While I’d like to think my real life relationship goals have evolved beyond this trope, I still tend to indulge in long, drawn out, subtle flirtations while driving myself insane with desire, rather than being direct… but hey, following many months of tortured mutual pining, my boo and I have now been together for three years and are getting hitched, so I guess we get the happy Riker-Troi ending!
Deanna Troi was one of my first girl crushes. I didn’t even know that’s what that was, I just was way too invested in never missing the show and knew I was a little too interested in how low-cut her uniform was.
Sailor Uranus and Sailor Neptune, they are cool, fashionable, and hot together (plus they’re super heroes, which is always relationship goals)
Same for Uranus/Neptune. Even thought they were “cousins” in the US version, 10 year old me knew better ;)
And then I saw the new series ending, and I fell in love all over again.
I wanted everything BUT the relationship from Better Than Chocolate…the apartment, the friends, the queer club, the performance night, buddies who will beat up TERFs with me…
I ended up as an Amethyst to a Pearl (minus the whole “human children are breakable?!”) thing, and I’ll take it.
I doubt the character you’re referring to was intended to be any kind of radical feminist.
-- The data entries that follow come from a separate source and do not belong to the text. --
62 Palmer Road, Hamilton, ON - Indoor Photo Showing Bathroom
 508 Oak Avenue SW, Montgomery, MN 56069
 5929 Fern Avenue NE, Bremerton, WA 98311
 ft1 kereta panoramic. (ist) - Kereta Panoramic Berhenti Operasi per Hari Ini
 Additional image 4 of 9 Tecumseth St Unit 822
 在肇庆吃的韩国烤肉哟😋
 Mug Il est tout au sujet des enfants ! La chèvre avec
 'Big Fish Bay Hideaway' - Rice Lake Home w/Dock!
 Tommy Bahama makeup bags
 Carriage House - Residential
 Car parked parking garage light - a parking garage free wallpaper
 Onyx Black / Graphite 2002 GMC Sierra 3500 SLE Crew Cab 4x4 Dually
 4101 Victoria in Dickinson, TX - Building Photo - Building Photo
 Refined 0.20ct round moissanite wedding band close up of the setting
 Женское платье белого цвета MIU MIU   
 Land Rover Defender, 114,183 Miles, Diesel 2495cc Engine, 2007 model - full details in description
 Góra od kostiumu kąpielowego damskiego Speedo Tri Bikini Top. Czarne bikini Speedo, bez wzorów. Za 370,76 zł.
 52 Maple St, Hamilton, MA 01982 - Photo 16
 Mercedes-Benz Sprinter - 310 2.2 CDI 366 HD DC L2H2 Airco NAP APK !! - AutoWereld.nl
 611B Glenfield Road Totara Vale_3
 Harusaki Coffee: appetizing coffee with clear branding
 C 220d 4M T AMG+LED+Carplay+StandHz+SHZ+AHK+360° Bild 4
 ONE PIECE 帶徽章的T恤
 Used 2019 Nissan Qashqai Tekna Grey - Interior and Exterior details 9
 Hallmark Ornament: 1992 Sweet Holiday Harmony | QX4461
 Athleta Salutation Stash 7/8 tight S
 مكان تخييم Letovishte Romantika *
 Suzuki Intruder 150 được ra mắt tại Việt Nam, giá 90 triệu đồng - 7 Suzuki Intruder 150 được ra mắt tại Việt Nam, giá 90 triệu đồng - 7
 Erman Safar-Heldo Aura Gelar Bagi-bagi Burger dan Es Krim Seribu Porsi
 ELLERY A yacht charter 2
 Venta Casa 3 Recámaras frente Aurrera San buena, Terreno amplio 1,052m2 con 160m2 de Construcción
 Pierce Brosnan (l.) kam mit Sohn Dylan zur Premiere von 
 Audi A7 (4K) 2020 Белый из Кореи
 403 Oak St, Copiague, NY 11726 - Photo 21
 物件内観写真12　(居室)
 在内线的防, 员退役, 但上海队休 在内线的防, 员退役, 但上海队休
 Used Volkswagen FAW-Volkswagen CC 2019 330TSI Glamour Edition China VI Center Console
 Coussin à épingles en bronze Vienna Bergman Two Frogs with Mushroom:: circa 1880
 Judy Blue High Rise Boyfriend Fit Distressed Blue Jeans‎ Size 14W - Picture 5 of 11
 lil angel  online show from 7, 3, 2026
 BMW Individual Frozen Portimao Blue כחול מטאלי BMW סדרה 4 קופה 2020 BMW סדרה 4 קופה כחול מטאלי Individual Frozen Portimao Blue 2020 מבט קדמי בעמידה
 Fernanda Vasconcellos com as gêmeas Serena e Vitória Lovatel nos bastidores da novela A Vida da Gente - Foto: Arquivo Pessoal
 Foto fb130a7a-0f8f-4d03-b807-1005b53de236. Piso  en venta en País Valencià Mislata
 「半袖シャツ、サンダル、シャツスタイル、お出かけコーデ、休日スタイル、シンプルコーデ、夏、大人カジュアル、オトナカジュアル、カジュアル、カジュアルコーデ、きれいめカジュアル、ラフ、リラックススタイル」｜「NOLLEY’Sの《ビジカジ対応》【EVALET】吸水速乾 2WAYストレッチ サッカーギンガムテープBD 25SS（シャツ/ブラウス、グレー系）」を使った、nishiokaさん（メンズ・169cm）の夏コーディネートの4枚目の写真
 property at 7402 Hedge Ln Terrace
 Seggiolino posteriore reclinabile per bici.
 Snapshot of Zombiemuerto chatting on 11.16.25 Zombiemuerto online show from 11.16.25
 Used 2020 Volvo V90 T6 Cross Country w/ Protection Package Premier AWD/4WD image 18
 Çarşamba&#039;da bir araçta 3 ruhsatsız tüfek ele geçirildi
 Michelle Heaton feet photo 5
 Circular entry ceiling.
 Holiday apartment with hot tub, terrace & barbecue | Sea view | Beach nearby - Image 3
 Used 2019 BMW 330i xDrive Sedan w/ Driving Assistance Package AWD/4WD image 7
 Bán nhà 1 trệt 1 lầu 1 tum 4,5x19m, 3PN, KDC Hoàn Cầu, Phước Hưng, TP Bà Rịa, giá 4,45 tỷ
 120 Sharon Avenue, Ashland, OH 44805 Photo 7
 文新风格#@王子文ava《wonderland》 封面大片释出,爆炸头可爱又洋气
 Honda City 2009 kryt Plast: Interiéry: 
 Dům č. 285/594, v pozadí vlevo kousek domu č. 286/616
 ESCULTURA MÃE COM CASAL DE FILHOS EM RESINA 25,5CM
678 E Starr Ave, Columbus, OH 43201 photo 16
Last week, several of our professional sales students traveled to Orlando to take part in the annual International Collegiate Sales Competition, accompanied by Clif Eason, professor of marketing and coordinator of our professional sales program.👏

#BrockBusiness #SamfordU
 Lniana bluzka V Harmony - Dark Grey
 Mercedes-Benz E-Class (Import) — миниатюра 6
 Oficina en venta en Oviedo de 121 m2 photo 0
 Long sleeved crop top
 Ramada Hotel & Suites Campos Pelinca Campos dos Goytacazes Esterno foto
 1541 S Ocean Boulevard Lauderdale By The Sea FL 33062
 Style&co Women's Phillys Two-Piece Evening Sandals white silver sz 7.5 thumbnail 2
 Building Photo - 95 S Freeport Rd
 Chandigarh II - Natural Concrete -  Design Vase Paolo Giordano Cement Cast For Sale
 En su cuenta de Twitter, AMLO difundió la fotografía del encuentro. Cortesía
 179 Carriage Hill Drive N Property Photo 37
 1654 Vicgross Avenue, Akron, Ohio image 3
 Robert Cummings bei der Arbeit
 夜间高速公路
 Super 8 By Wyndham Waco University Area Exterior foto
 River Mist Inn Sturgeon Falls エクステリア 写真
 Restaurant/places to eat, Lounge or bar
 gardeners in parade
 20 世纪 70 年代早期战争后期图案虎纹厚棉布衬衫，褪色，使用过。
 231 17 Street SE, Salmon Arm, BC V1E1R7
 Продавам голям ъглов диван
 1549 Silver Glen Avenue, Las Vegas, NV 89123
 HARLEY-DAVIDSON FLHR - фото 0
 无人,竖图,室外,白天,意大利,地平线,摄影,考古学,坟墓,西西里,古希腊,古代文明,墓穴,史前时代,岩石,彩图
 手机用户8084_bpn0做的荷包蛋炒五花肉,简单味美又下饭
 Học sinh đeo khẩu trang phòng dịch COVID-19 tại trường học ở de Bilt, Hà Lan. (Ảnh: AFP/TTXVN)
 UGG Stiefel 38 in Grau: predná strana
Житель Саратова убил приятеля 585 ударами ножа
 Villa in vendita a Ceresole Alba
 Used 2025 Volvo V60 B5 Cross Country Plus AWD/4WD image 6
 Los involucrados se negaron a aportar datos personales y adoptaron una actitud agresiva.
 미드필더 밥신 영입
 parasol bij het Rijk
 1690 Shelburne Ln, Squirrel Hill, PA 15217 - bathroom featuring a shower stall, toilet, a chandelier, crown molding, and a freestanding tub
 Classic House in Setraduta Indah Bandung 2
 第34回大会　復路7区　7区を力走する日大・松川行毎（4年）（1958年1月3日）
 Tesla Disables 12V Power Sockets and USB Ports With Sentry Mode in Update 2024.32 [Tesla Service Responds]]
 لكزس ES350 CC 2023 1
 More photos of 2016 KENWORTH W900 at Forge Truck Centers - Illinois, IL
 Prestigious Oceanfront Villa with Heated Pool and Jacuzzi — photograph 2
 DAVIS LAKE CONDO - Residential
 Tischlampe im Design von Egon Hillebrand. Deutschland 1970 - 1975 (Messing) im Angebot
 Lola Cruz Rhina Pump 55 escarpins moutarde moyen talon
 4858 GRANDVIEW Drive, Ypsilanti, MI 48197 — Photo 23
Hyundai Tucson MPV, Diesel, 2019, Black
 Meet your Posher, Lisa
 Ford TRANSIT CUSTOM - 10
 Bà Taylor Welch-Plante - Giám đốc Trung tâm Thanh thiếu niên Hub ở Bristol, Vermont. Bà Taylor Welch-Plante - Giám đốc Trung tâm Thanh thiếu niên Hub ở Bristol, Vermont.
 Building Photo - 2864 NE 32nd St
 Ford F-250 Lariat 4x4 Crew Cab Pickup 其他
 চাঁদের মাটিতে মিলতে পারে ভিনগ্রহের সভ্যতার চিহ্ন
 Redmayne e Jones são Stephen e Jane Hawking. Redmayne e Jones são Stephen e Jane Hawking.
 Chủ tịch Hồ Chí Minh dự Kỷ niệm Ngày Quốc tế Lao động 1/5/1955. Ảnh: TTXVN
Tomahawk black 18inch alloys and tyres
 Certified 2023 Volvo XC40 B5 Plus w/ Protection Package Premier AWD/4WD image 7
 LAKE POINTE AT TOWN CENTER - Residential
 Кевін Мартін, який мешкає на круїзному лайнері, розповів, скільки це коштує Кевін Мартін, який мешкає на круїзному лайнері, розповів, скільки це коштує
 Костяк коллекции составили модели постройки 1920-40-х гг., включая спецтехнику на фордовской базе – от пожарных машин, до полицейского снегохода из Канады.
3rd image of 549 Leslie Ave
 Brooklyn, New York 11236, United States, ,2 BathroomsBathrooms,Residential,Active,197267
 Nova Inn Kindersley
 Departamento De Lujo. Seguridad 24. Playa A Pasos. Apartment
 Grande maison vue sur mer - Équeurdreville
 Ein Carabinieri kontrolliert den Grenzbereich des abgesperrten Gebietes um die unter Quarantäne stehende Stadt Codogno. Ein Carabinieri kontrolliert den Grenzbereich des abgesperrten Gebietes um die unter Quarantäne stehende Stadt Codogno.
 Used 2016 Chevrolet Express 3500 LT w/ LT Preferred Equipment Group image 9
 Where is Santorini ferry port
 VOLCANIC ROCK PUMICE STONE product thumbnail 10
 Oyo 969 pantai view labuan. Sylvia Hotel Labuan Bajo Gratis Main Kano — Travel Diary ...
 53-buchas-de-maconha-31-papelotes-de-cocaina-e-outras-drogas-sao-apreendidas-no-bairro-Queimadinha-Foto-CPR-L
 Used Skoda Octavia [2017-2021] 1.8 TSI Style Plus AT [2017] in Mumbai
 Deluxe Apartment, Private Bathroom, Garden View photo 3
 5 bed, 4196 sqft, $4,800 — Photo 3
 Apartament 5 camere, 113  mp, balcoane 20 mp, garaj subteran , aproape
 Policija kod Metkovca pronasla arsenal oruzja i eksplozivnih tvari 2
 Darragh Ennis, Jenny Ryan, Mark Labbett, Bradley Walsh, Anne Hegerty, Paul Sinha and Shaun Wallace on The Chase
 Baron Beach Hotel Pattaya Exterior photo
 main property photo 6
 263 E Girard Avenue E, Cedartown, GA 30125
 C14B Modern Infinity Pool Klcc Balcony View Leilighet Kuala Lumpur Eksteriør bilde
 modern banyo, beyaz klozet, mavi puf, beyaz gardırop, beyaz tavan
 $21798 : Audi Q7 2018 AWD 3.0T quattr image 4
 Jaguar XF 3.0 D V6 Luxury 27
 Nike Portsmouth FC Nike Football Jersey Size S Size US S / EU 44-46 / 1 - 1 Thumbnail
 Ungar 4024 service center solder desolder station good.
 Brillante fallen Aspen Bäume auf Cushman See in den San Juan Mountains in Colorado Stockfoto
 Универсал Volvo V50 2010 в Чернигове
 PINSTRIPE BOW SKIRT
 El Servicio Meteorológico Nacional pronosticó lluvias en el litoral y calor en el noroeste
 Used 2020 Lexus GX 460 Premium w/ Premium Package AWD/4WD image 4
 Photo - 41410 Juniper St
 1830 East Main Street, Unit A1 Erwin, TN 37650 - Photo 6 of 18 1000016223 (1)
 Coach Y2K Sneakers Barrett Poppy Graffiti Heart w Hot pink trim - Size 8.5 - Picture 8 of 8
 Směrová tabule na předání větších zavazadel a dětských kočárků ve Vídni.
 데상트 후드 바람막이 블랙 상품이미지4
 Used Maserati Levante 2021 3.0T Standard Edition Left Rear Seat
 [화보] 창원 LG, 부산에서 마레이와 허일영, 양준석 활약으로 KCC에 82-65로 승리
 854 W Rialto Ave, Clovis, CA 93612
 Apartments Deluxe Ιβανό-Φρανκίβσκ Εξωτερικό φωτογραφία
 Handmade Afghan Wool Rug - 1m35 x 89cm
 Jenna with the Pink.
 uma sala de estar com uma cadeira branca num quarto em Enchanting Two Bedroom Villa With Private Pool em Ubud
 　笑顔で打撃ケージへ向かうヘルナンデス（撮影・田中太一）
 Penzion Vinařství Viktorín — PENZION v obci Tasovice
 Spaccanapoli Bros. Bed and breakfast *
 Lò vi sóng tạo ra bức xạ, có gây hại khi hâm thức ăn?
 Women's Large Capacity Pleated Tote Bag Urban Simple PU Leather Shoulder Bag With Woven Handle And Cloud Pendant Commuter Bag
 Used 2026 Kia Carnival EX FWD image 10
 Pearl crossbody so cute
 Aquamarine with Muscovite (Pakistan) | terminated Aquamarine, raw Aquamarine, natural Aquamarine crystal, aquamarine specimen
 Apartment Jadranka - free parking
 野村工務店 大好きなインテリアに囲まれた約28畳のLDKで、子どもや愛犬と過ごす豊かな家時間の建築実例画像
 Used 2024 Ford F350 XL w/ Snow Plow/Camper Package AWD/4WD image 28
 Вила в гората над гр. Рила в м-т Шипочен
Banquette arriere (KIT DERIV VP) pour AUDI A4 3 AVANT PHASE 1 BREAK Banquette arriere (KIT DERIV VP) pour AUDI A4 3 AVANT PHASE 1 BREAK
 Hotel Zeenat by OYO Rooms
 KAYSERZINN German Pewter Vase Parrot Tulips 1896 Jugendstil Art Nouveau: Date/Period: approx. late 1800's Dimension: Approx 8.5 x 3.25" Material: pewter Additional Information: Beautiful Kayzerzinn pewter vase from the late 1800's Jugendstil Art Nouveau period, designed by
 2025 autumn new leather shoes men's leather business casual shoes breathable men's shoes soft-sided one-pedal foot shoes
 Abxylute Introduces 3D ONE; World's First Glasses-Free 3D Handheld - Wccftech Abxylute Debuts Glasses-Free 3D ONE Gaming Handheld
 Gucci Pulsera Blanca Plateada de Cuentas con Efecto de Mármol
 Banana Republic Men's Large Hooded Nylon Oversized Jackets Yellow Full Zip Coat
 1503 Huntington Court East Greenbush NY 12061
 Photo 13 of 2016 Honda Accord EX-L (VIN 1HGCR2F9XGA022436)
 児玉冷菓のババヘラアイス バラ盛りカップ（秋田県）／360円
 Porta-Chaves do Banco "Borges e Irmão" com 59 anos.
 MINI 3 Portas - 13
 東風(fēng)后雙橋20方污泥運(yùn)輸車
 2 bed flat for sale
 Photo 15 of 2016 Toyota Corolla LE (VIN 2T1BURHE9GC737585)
Your comment so casually holds up violence against women as some sort of goal (“buddies who will beat up TERFS with me”). Why? Violence against transwomen is largely committed by men. Obviously women face relentless violence throughout life. Contributing to that horror won’t stop male violence, it’ll shift the blame for transwomens’ pain onto women, over and over. That is cruel.
Wow this is all so good.
Riese, I didn’t even watch all or even most of the office, so how am I tearing up about Jim and Pam right now?? I love your description of how they just really like each other, and how rare that is for straight couples on tv.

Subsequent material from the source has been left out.